Stability and bioequivalence studies of two marketed formulations of coenzyme Q10 in beagle dogs

Abstract

Coenzyme Q10 (CoQ10), a highly lipophilic compound present in the inner mitochondrial membrane, is essential for production of cellular energy in the form of ATE CoQ10 is used as an antioxidant and also in the treatment of various cardiovascular disorders. The relative bioavailabilities of powder filled capsule (I) and oil-based formulation (II) of CoQ10 were compared in beagle dogs in an open, randomized, multiple dose, cross-over design. Poor and slow absorption characteristics were observed for both the formulations. The AUC, C(max), and T(max) for formulation I and II are comparable (p<0.05) where the values for formulation I are 22.84±6.3 μg ml-1 h, 0.51±0.11μ/ml, and 6.1±2.0 h whereas the values for formulation II are 24.32±5.6 μg ml-1 h, 0.55±0.16 μg/ml, and 6.6±2.3 h, respectively. Stability of CoQ10 at various temperature and humidity conditions and its photostability were studied. Various antioxidants were evaluated to determine the type and amount of antioxidant(s) required to improve the stability of CoQ10. Large extent of degradation was observed at 45°C and 55°C. The effect of humidity conditions on degradation was insignificant.
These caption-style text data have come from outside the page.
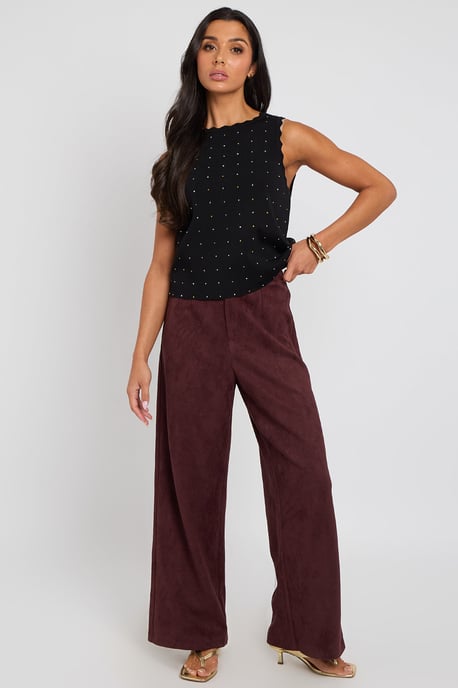 Plum Faux Suede Trousers - Image 1
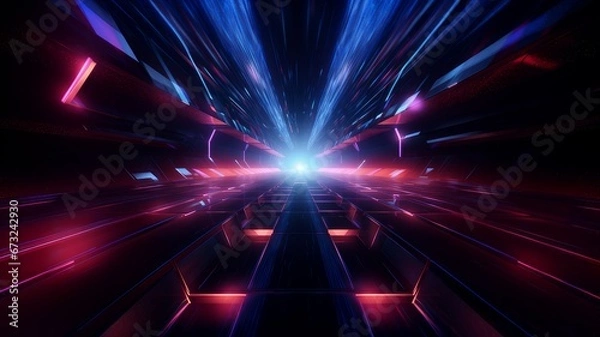 Fototapeta Tech abstract background with glowing lights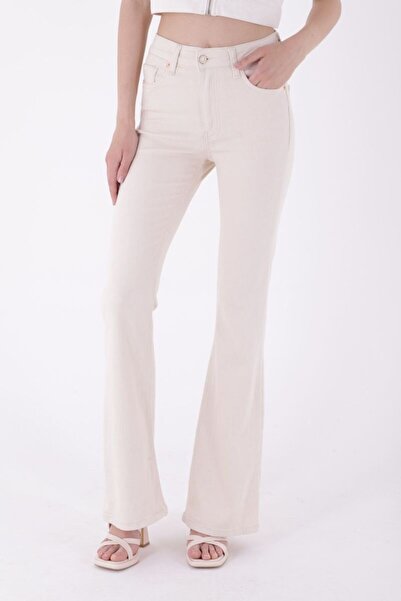 Coşkun GİYİM Γυναικείο Ισπανικό Παντελόνι Τζιν με φαρδιά μπατζάκια NATURAL 86...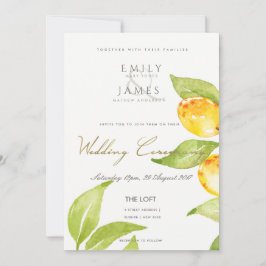 Invitación Boda DE OLIVO DE COLOR DE AGUA VERDE AMARILLO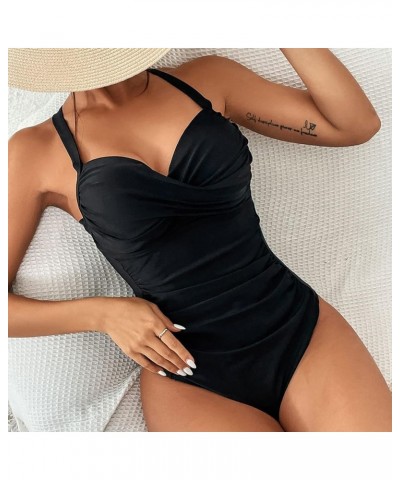 One Piece Swimsuit Women Retro Tummy Control Bathing Suits Sexy V Neck Athletic Beachsuit Tankini Push up Swimwear 10 Black $...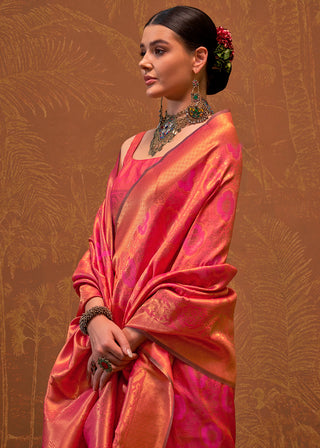 Peach Elegant Blended Silk Banarasi Saree with Blouse Piece – Timeless Traditional Charm ClothsVilla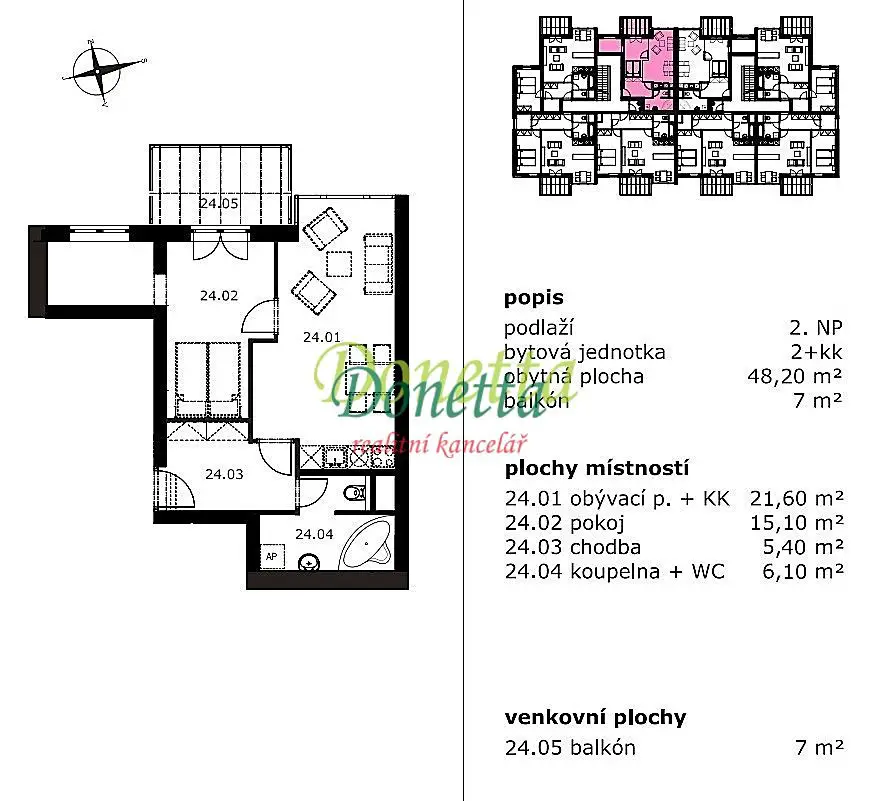 Prodej bytu 2+kk 58 m², K Meteoru, Hradec Králové - Svobodné Dvory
Among the various antioxidants studied, mixture of ascorbic acid (5%) and EDTA (0.1%) offered better protection than phenolic antioxidants such as butylated hydroxy anisole (BHA), butylated hydroxy toluene (BHT), or propyl gallate (PG). Further, increasing concentrations of phenolic antioxidants (from 0.1 to 0.3%) accelerated the degradation.